Many of us have set goals that we hope to achieve this year. I have never been much for resolutions but this year I felt like I wanted to have a more conscious approach to ringing in the New Year. I didn't come up with a goal but I did come up something that I believe is more applicable. I let myself get clear on what are my core values. What is really important to me? What makes me feel alive?
What makes me feel alive? Intimate relationships, connecting in nature, learning and expanding my perspective, creative expression, teaching yoga & meditation, and community. The last thing that came up for me was community. The place where I feel the most connected to community is at Berkshire Yoga Dance & Fitness where I teach yoga & meditation. Being in a community of people who value health and wellness is something I've always wanted to be a part of. This experience has shown me the tip of the iceberg. I now have a sense of community, now its up to me to put the effort in for it to prosper and grow. People get so caught up in not having what they want. They forget to ask, how much effort am I offering up to what's important to me?
My goal isn't necessarily to create a supportive loving community, however I'm totally open to that idea. No, I just want to put energy into all my core values on a regular basis. This exercise showed me that I have many things in my life that make me feel fully alive and grateful to be here. It also showed me how much time I waste into things that have no positive benefit to me. By reflecting on my core values I was shown a glimmer of light. By following the light, I discovered on all things I wished had more time for are just waiting for me to just make them a priority. It is easy to get twisted and turned upside down with all life's responsibilities and social expectations.
I probably would have continued working at my job even though it isn't aligned with my core values. I had a title and was successful in my ventures but the universe has its own plan and now I find myself at a crossroads. I recently have lost my "secure" job. Since then I and have been waging war against feelings of anxiety, anger, and uneasiness. I understand that is part of the process. I've been letting myself feel, and release on my own time.
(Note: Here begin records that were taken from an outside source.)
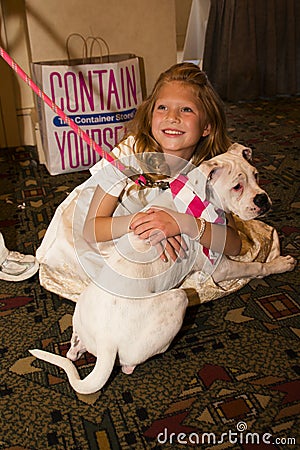 Little Girl Adopts Rescued Humane Society Pet Dog Editorial Stock Photo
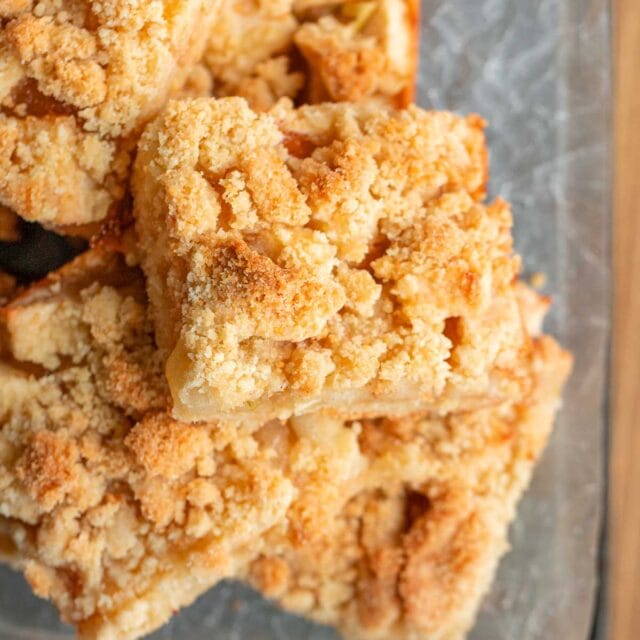 Sliced apple crumb bars stacked up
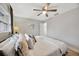 Large bedroom with king bed, ceiling fan, and access to bathroom at 4519 S Hesperides St, Tampa, FL 33611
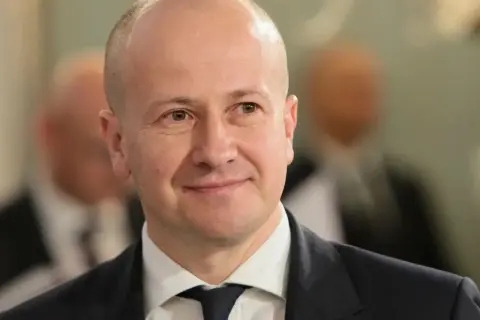Uśmiechnięty mężczyzna w garniturze, być może partner popularnej aktorki, który zrezygnował z kariery dla niej.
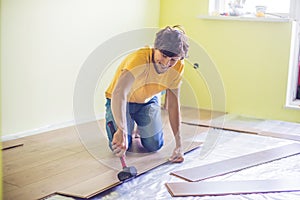 Man installing new wooden laminate flooring. infrared floor heat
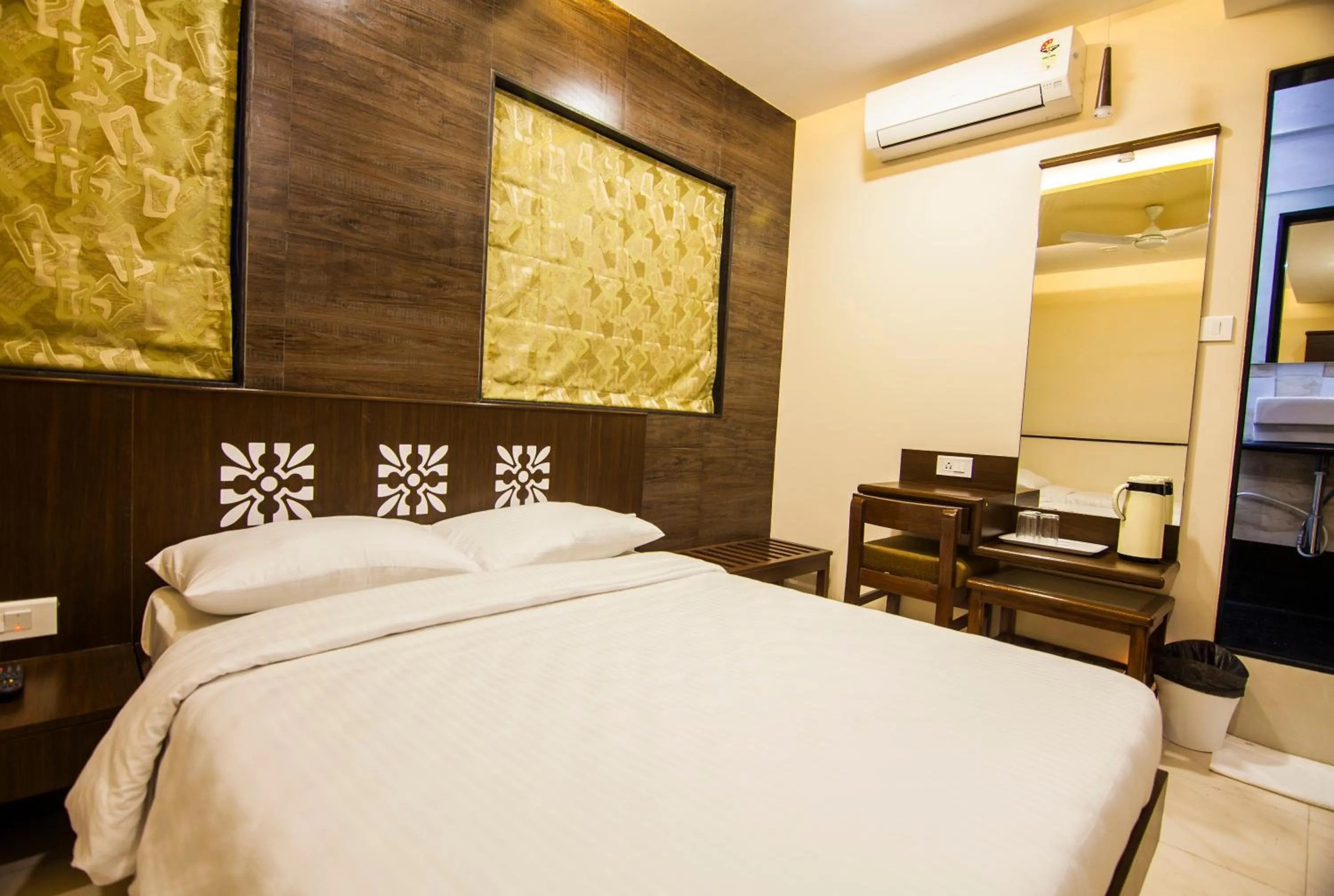 Photo of the whole room, Bed in City Guest House - Dadar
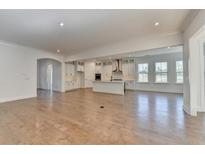 Bright open-concept living space with modern kitchen and hardwood floors at 2750 Herrington Dr, Cumming, GA 30041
I've been in this situation before, the difference this time is I am committed to build a life around my core values. Before I dove head first into the best paying job and hoped for the best. Not ever reflecting on what was actually important to me. Not setting any boundaries, just being open to making money. This time I will draw a line in the sand. Money is an energy currency and I am only open to money that will allow my to support me enjoying my life.
I support you if you've come up with resolutions for the new year. I hope you are successful and reach the goals that you are striving for. With that being said this year I dare you, find out what moves you, and run in that direction. Eventually you will land where you want to be.